Kampala. The Bank of Uganda (BoU) has maintained its benchmark lending rate at 9.75 percent, citing subdued inflation and steady economic growth amid persistent global uncertainty.
In a monetary policy statement issued on Monday, the central bank said the current policy stance remains appropriate to support economic activity while ensuring inflation stabilises around its medium-term target of five percent.
Annual headline inflation averaged 3.5 percent in the 12 months to January 2026, while core inflation averaged 3.8 percent, both below the target. Headline inflation edged up slightly to 3.2 percent in January from 3.1 percent in December, largely due to higher prices in some service-related components.
Core inflation rose to 3.3 percent, driven mainly by increased services inflation, particularly passenger air transport. However, food crop inflation eased sharply to 3.0 percent from 4.4 percent, supported by favourable weather conditions, while energy, fuel and utilities inflation increased marginally to 1.7 percent.
The central bank said the inflation outlook has been revised slightly downward compared to its November 2025 forecast, largely due to a modest appreciation of the shilling and lower global oil and food prices. Inflation is now projected to remain between 3.8 percent and 4.3 percent in 2026 before gradually converging to the target over the medium to long term.
Despite the positive outlook, BoU warned that risks to inflation remain elevated. These include stronger-than-expected domestic demand driven by expansionary fiscal policy, exchange rate pressures, geopolitical tensions that could disrupt global supply chains, and adverse weather conditions that may push up food prices.
On the downside, the bank cited the possibility of a sharper slowdown in domestic activity, weaker global growth, and a decline in commodity prices with disinflationary effects.
Economic activity remained robust during the first three quarters of 2025, with average growth of 6.3 percent. Growth was largely driven by consumption, particularly government spending, which expanded by 22.8 percent, compared to 14.2 percent growth in household consumption.
Although growth moderated slightly in the two quarters to September 2025, high-frequency indicators suggest stronger activity in the final quarter of the year and the second half of the current financial year.

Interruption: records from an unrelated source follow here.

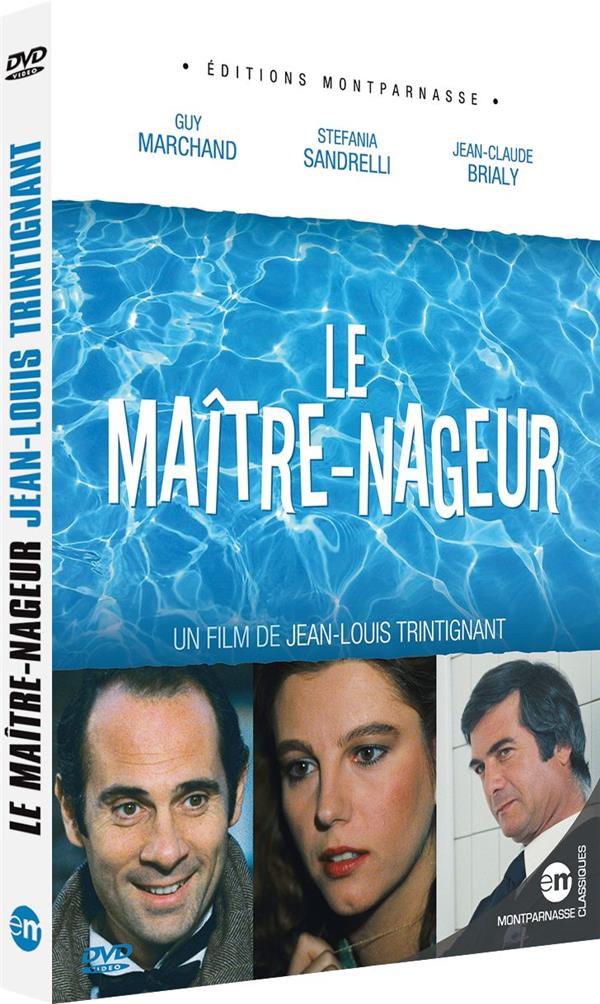 Le Maître-nageur [DVD]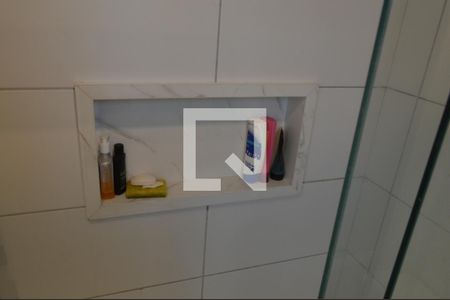 Apartamento à venda com 80m², 3 quartos e 1 vagaBanheiro da Suíte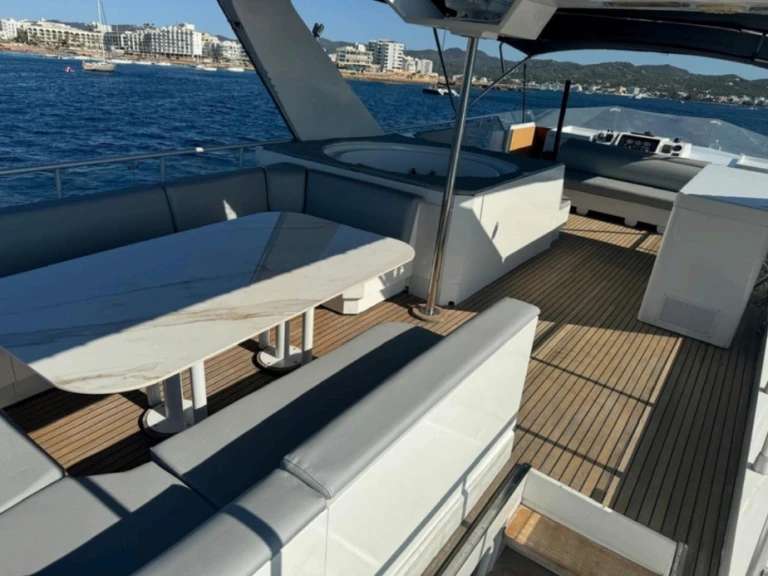 Canados 88 charter bareboat or skippered in  Torrevieja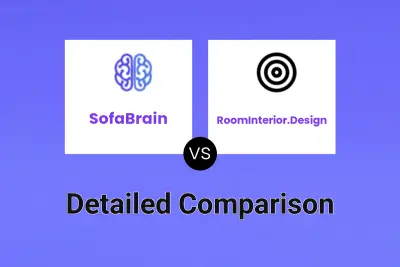 SofaBrain vs RoomInterior.Design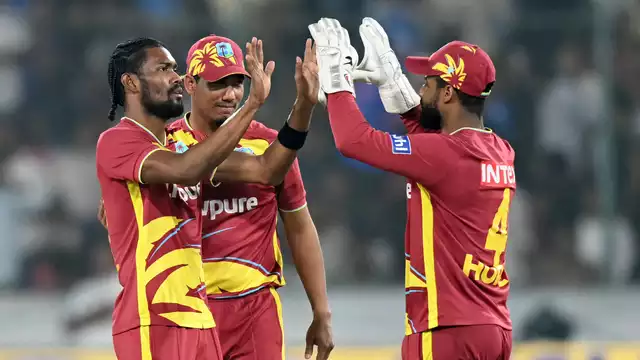 Hope Century and Paul Fifer Set Up T20I Series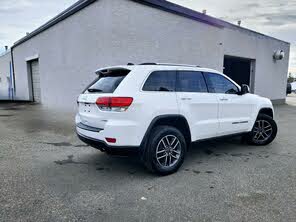 Jeep Grand Cherokee Laredo E 4WD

Economic growth for FY2025/26 is projected at between 6.5 percent and 7.0 percent.
Over the medium term, growth is expected to strengthen further to an average of about eight percent, supported by public investment, oil and infrastructure projects, improved global conditions and increased private sector activity.
However, the central bank cautioned that growth risks are tilted to the downside, particularly from geopolitical developments that could disrupt trade and push up commodity prices, especially oil.
“The economic environment continues to be characterised by heightened uncertainty, necessitating a cautious monetary policy stance,” Governor Michael Atingi-Ego said.
The central bank rate corridor was maintained at plus or minus two percentage points, leaving the rediscount rate at 12.75 percent and the bank rate at 13.75 percent.
BoU said future policy decisions will remain data-dependent, guided by ongoing assessments of domestic and global economic conditions.